French resistance fighter and book publisher (1919–2002)

Léon Centner (born December 16, 1919, near Warsaw, Poland; died June 13, 2002, in Paris, France) was a French resistance fighter, bookseller, bibliophile and publisher. In 1966, Centner co-founded the influential French publishing house Éditions d'histoire sociale internationale (EDHIS) which specialised in republishing significant works of social history and 19th century periodicals.

== Biography ==
Léon Centner was born in Warsaw into a Polish Jewish family. His family moved to France in 1923, when he was 4 years old. He obtained his school certificate at the age of 13, then worked in a hosiery workshop. During the Second World War, he left Paris for Grenoble, where he joined the communist resistance unit MOI. He was active in the National Movement Against Racism (MNCR), whose goal was to help children at risk of deportation, and joined the combat groups of UJRE in Lyon. He played an important role in the national distribution of the clandestine newspapers J'accuse and Fraternité, produced false papers for members of the resistance and financed resistance activity.
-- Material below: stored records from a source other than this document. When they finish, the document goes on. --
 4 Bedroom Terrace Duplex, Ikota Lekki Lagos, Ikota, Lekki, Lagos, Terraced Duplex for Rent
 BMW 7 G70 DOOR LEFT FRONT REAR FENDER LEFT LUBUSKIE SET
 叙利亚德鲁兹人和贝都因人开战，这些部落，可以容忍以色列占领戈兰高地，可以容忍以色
After the war, he resumed his work in hosiery alongside his brother Oscar Centner and was an active member of the French Communist Party until his exclusion from the party in 1956. He became a naturalized French citizen and married Annette Szalai, a Hungarian who Centner had met through the MNCR. Annette herself had been an important resistance fighter under the pseudonym Renée Girard.
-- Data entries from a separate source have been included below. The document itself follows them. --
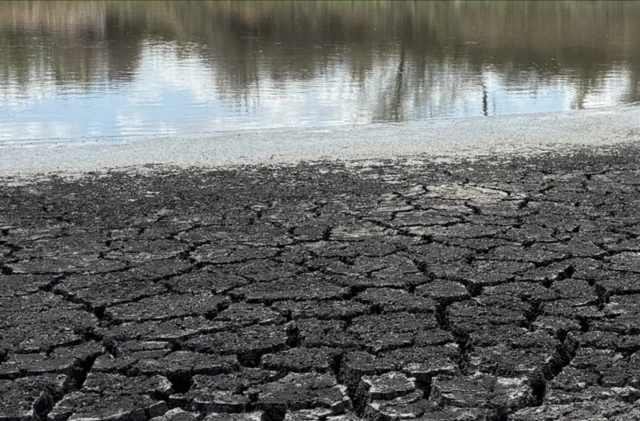 Yalova'da su alarmı: Gökçe Barajı'nda sadece 25 günlük su ka...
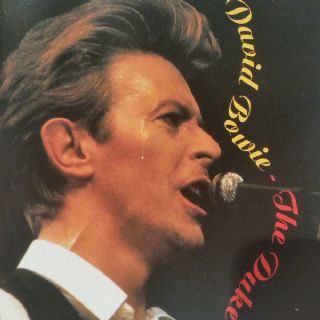 CD David Bowie - The Duke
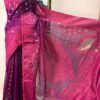 Tencel Jamdani Deep Purple (Jaam) TLJ-38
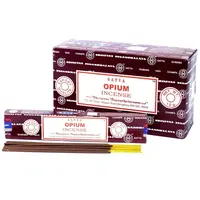 Betisoare parfumate Satya Opium 15g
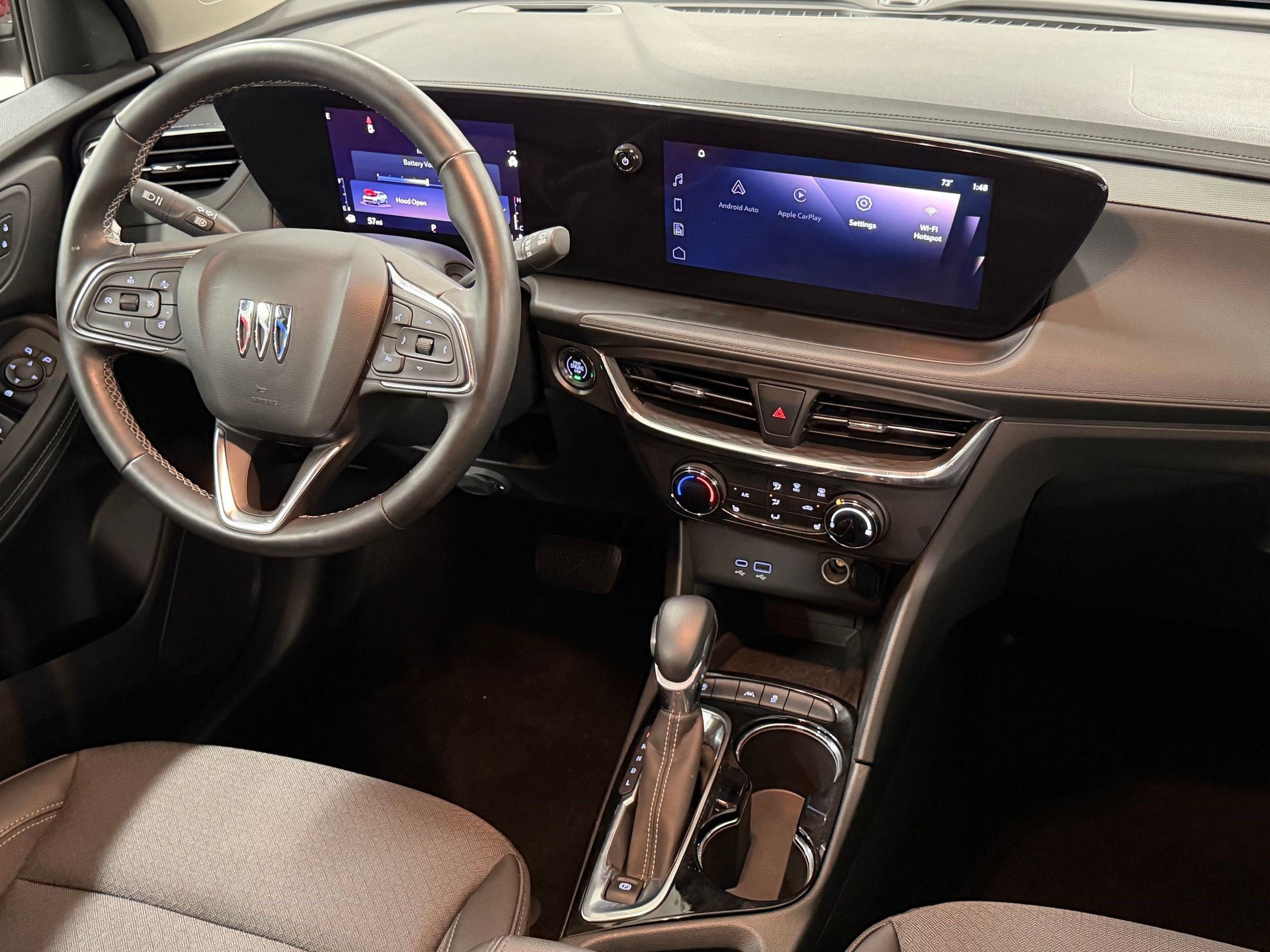 Used 2024 Buick Encore GX Preferred w/ Comfort Package FWD image 36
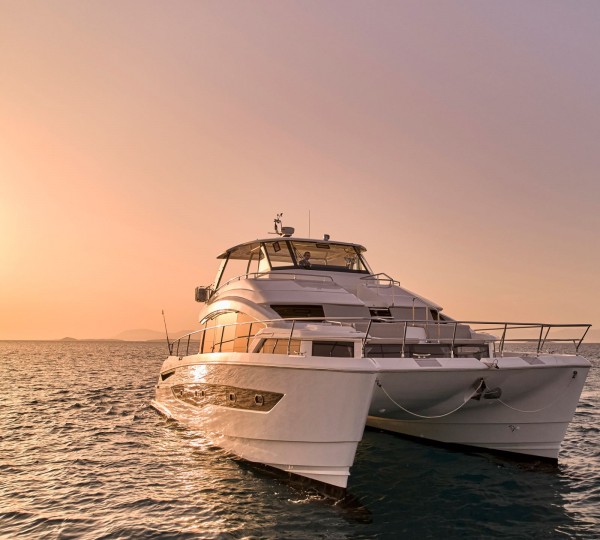 Superyacht EXPLORION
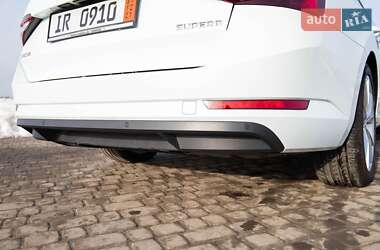 Универсал Skoda Superb 2017 в 
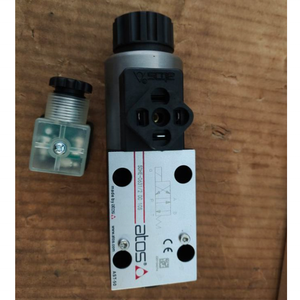 Válvulas Solenoides Direccionales Italianas Tipo SDHE ATOS Modelo SDHE-0632/2/A 10S /DHE-0631/2 /DHE-0611 al Mejor Precio - Product Image 4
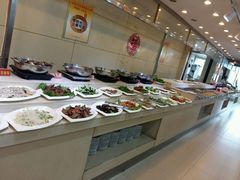 -金韩轩烤肉·自助餐超市(永年店)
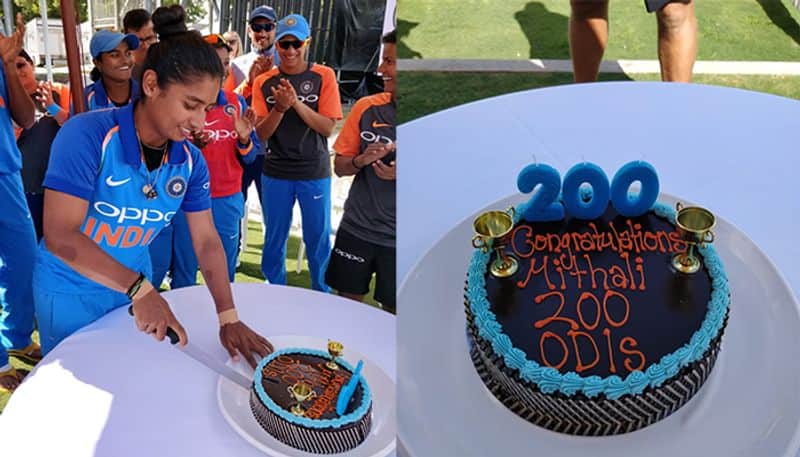 Captain Mithali Raj becomes first woman to play 200 ODIs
== From bibliophile to publisher ==
Centner was an avid collector of rare books. He made friends with second-hand booksellers and opened a shop, first on Rue Vivienne, then under the arcades of the Palais-Royal. In 1966, he co-founded EDHIS with the bookseller Michel Bernstein, which specialized in the reprinting of rare texts. EDHIS reprinted Le Fils du Père Duchêne's Éphémérides du citoyen in ten volumes, in collaboration with Albert Soboul, as well as other hard-to-find 19th century works. EDHIS's publications focused on the social revolutions of the 19th century and the development of the Labour movement, as well as the beginnings of the French Revolution of 1789. EDHIS ceased printing in 1995.

Léon Centner was a member of the Society for Robespierrist Studies for 25 years.